Wednesday, 22 June 2011

Sad realization

Today I have come to the sad realisation that I will need to sell my house. My budget is way too tight for me to stay here. I could keep it but then I would not be able to enjoy my life or I would have to dip into my savings and I’m not sure I want to do that. It’s not that this house is too expensive, it’s just the cost of operating it makes things too tight. My mortgage is only $720 a month but then you have to add taxes and heating and other crap. I could get a house that’s about $100 000 cheaper and about half its size. That would bring my mortgage down about $150, if not more, and it would give me the wiggle room I need to live a more comfortable life.
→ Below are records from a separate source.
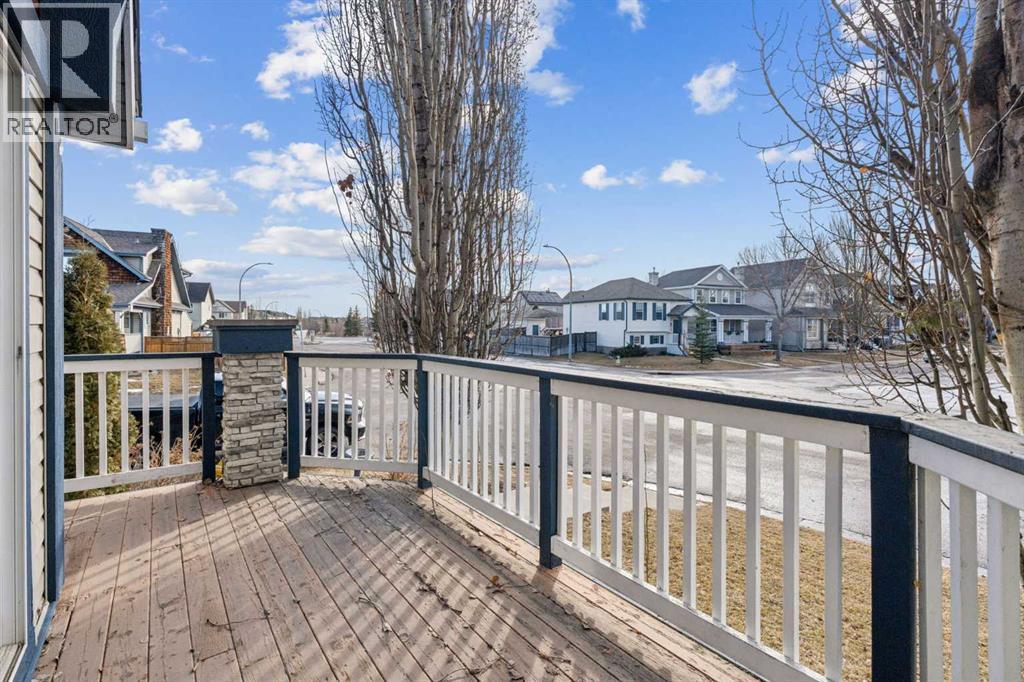 Single Family House Bungalow for Sale in  Copperfield Gardens SE Copperfield Calgary 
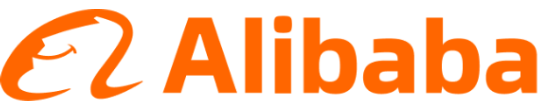 Alibaba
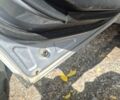 Рено Меган, об'ємом двигуна 1.6 л та пробігом 219 тис. км за 5100 $, фото 18 на Automoto.ua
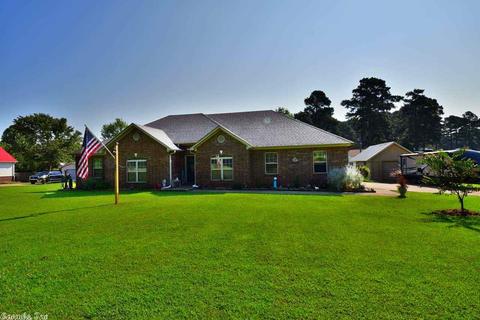 20 Woodlawn Dr, Beebe, AR 72012 photo 40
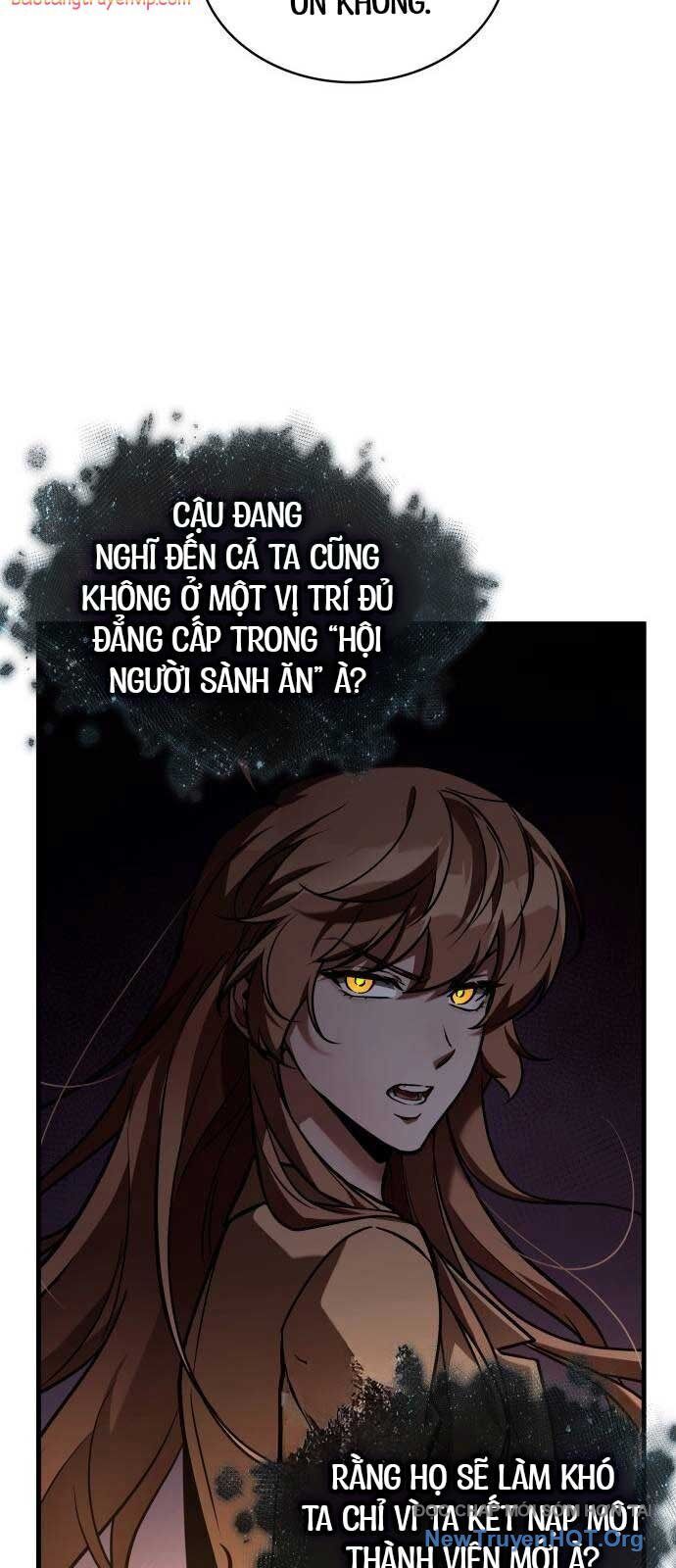 Toàn Trí Độc Giả Chap 271 - Next Chap 272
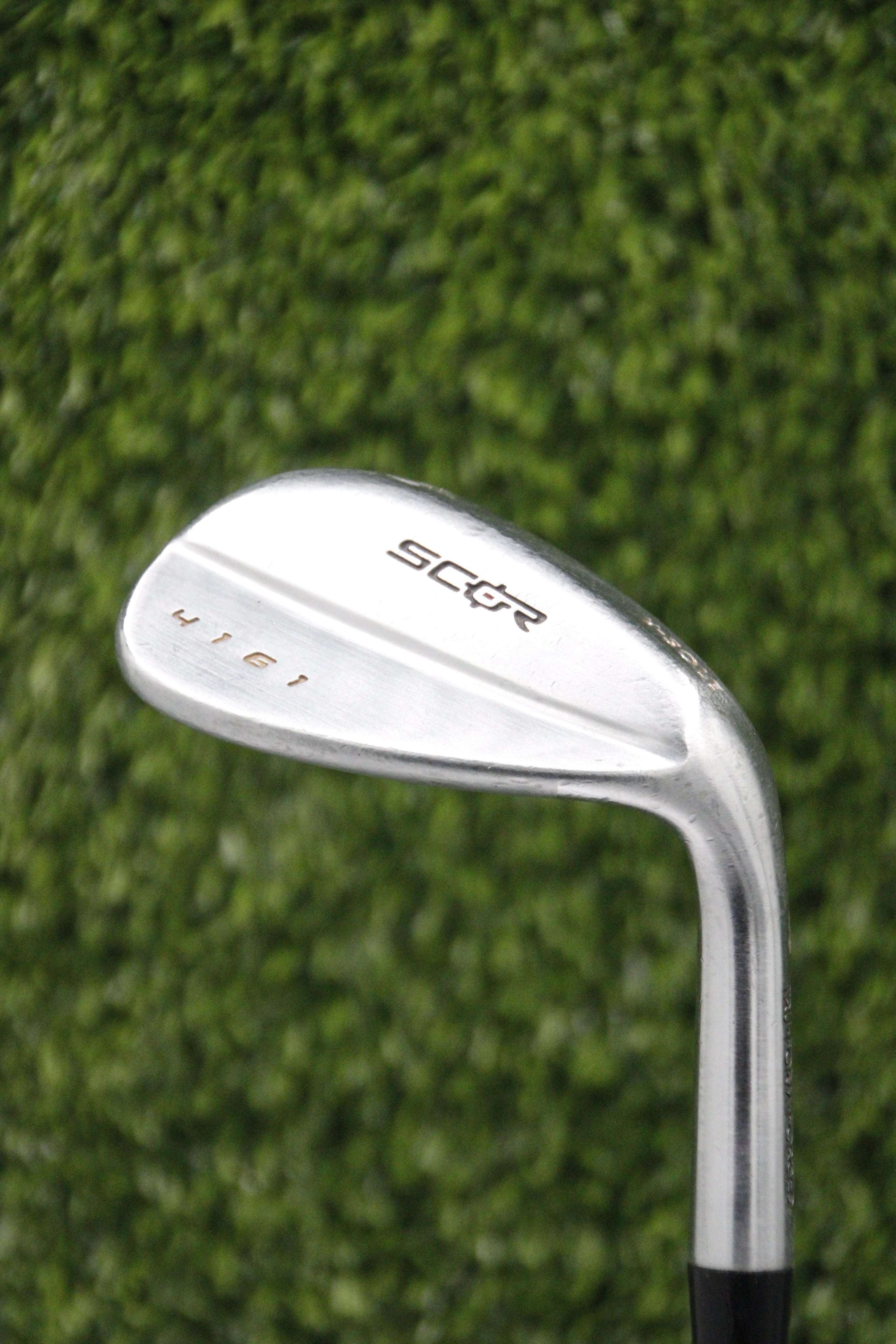 Scor 4161 60° LW R Flex 35.5"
Not to mention other things that would cost less like taxes and utilities. I don’t want to go into debt or liquidate my savings just for a house.

Originally I was hoping to stay in the house a few months or so before having to make this decision. I know it’s my choice to leave but I still need to get used to the idea and work through it. My husband actually made a budget for me (he’s a budget guy) and told me that I could afford the house for the time being. So today, I actually took the time to look at it and evaluate it. Sure I could afford it but then I would not afford to do anything else with my life and that’s not what I want. At the moment, with 2 salaries, we enjoy financial freedom. I can go out and buy $500 worth of stuff in one day and I wouldn’t even feel a pinch. Those days are over for me and tonight I am realizing this. My financial world is crashing down on me. Ok, that might be a bit much but it’s a freedom I will have to mourn until I get used to it. I always knew I would have to sell the house and I am looking forward to a new change but not this very minute.

Now comes the hard part of getting this house ready to sell. We need to paint, get rid of some clutter and stage it. I want to sell it privately and my husband wants a realtor. We’ll have to see who wins that battle.

We also need to start telling my child about the changes that are coming. Hubby has an apartment and he is moving in less than 3 weeks. I’m not sure how he will take it. He has no idea this is coming and I’m pretty sure he will not understand why we are doing this. He finishes school tomorrow so I guess we will tell him soon after.